Habertürk
    Takipde Kalın!
      Günlük gelişmeleri takip edebilmek için habertürk uygulamasını indirin

        BUGÜN itibarıyla yeni bir tartışma konumuz doğdu.

        O da AK Parti grup başkanvekillerinin bugün siyasi partileri ziyaretlerinde önerecekleri yerel seçimin, zamanından 6 ay erkene, 27 Eylül 2013'e alınmasıyla ilgili önerisi.

        Geçmişte MHP Lideri Devlet Bahçeli'nin açık desteği, CHP Lideri Kemal Kılıçdaroğlu'nun da "Eğer uzlaşırlarsa biz de destek veririz" açıklamasına bakılırsa aslında sorun yok gibi gözüküyor.

        Ancak işin çözümü için yasama Meclis'inde görev yapan siyasi partilerin uzlaşması yetmiyor.

        Yüksek yargının da kararını revize etmesi gerekiyor.

        Çünkü buna ilişkin Anayasa Mahkemesi'nin 1988 tarihli kararı hâlâ geçerliliğini koruyor...

        ÖZAL DA İSTEMİŞTİ

        Anımsatmak gerekirse...

        Dönemin başbakanı merhum Turgut Özal da seçimleri bugün olduğu gibi 6 ay erkene almak istemiş, SHP Anayasa Mahkemesi'ne gitmişti.

        Amaç da ANAP Grup Başkanvekili Mükerrem Taşçıoğlu ve arkadaşlarının Anayasa'nın 127'nci maddesinde yer bulan, "Yerel seçimler beş yılda bir yapılır" hükmünü farklı bir şekilde yorumlayıp Seçim Yasası'nda değişikliğe gitmeleriydi.

        Onlara göre Anayasa'nın bu hükmü, "beşinci yıla girilmesini ifade ediyor, 6 ay erkene alınmasında sakınca görülmüyordu"...

        Ancak Anayasa Mahkemesi öyle yorumlamadı.

        Anayasa'nın 127'nci maddesindeki "Beş yılda bir yapılır" hükmünün "beşinci yılın sonuna" işaret ettiğini kabul etti.

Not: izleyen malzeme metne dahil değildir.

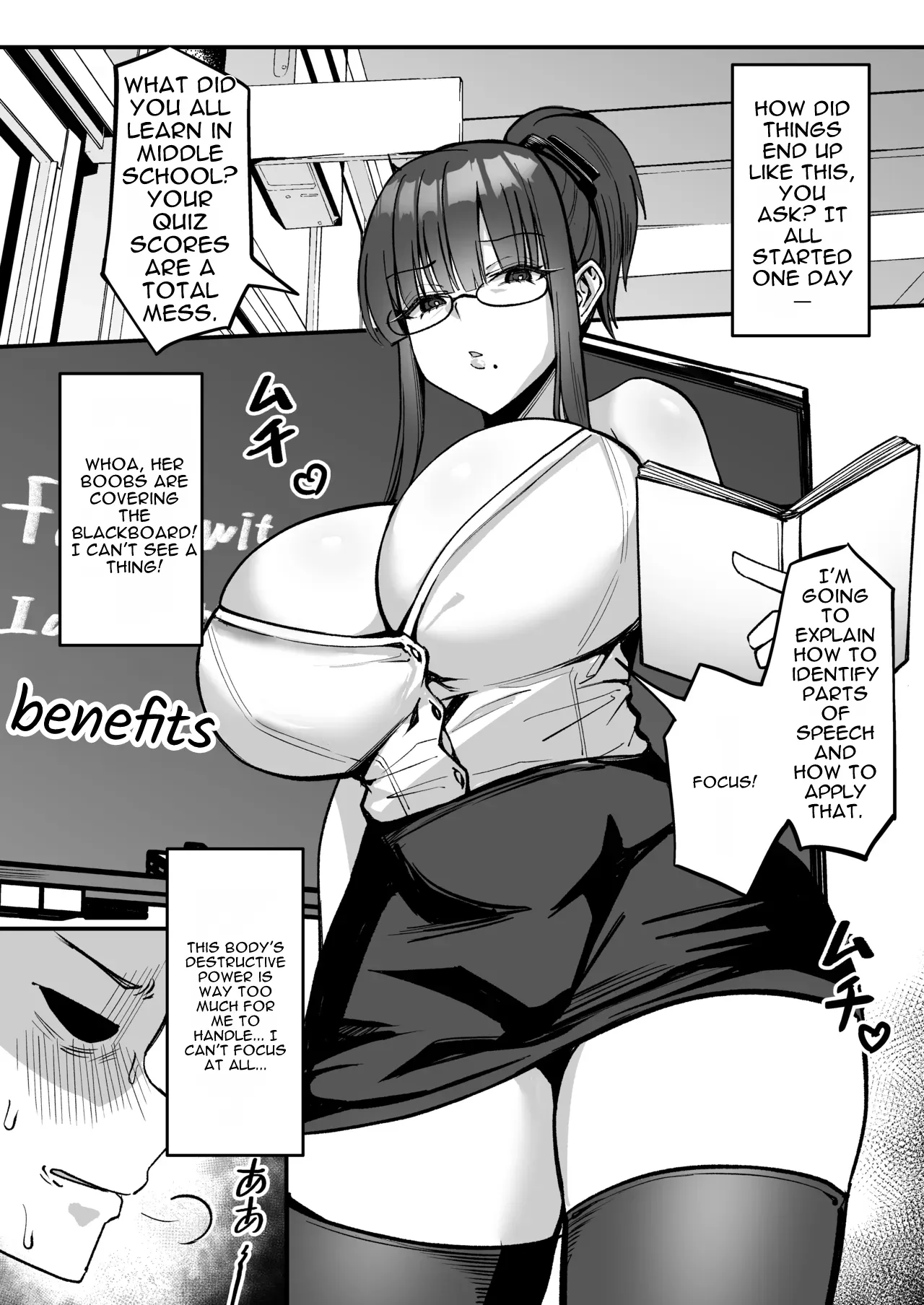 Hypnotized Married Female Teacher —— Becoming the School’s Meat Chamber page 3 full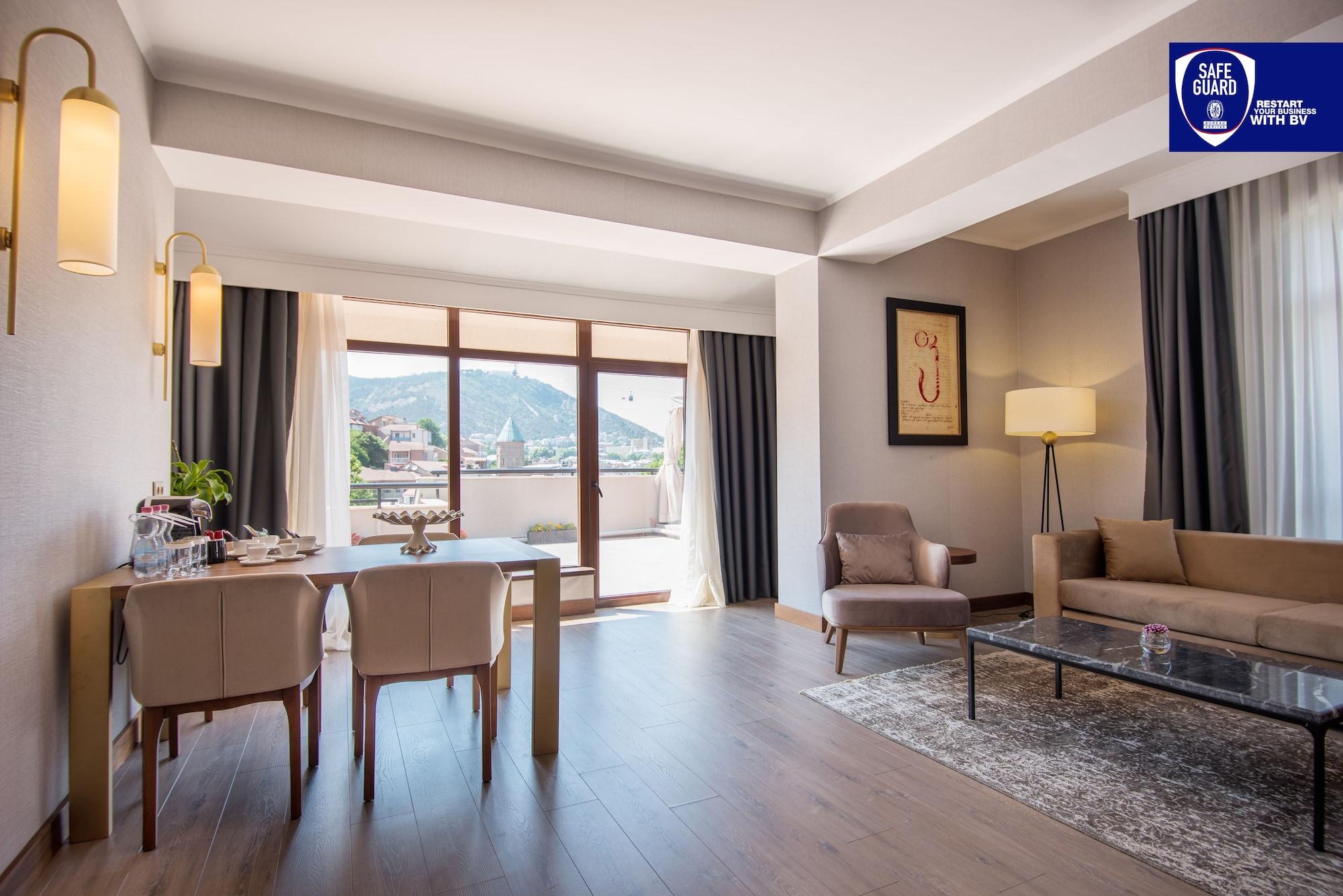 ทิฟลิส พาเลซ Hotel Tbilisi ภายนอก รูปภาพ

        Seçimin 6 ay öne alınmasına ilişkin yasayı da 13 Haziran 1988'de iptal etti.

        Özal'ın yerel ve genel seçimleri birleştirmek amacıyla attığı adım bir anda boşa çıktı.

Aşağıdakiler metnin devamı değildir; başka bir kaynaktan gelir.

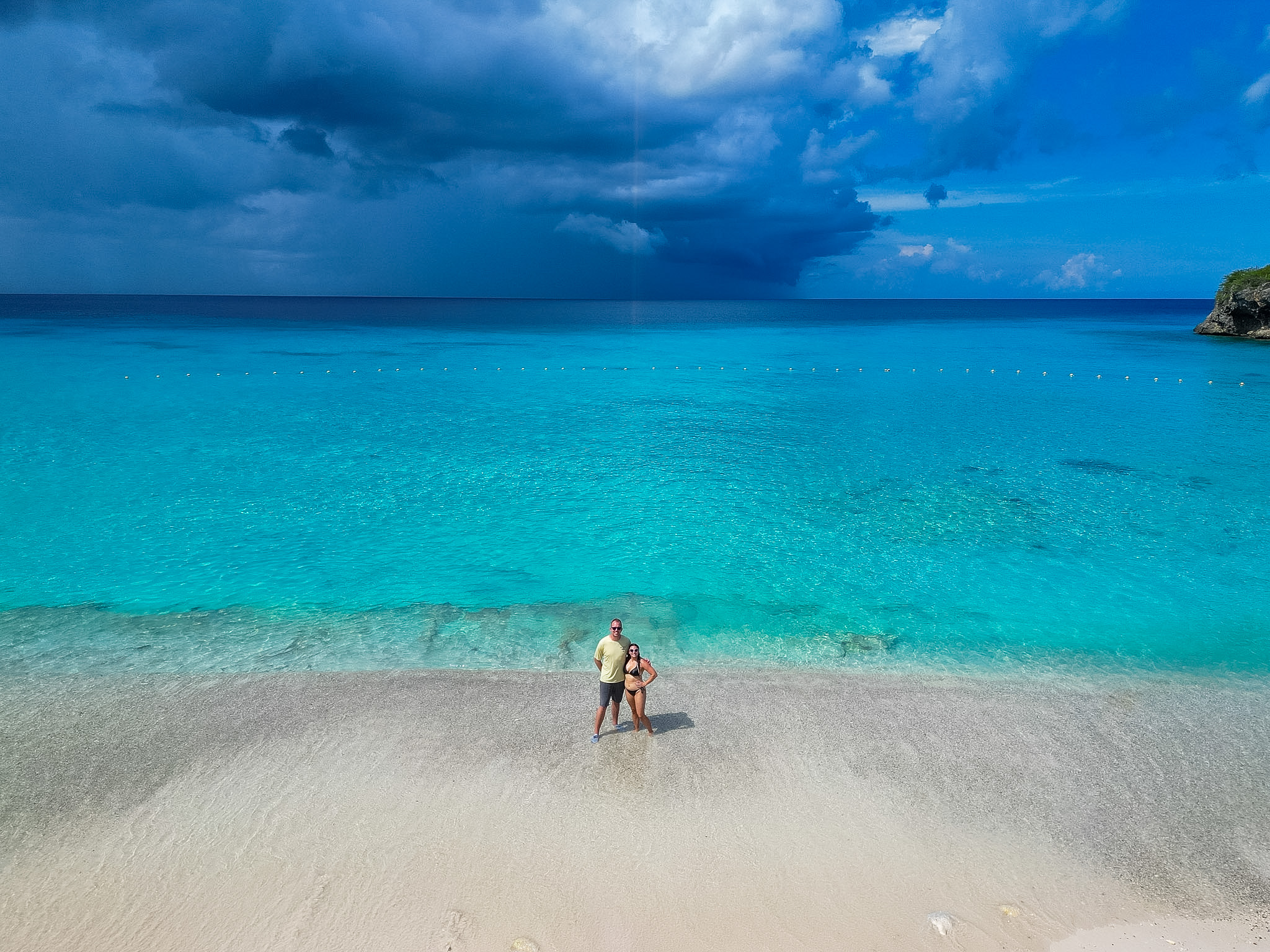 Grote Knip Curaçao Beach Guide overlook viewpoint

        ANAP'ın tüm hazırlıkları altüst olmakla kalmadı, zamanında yapılan seçimde de oyları % 21.75'e indi.

        Hafızamda kalana güvenmeyip, Anayasa Mahkemesi'nin seçimlerin beş yılda bir yapılması gerektiğine ve erkene alınamayacağına hükmeden kararını bulup bir kez daha okudum.

        Anayasa Mahkemesi iptal gerekçesini yerel yönetimlerin yapılarının "nispi özerkliğine" dayandırıyor.

        Seçilmiş bir organın, seçilmiş bir başka özerk organın süresine hükmedemeyeceğini kararlaştırıyor.

        Bununla birlikte seçimin dört yılda bir yapılmasına hükmedilecekse Anayasa değişikliğiyle bu kararı alma hakkını da yine TBMM'ye tanıyor.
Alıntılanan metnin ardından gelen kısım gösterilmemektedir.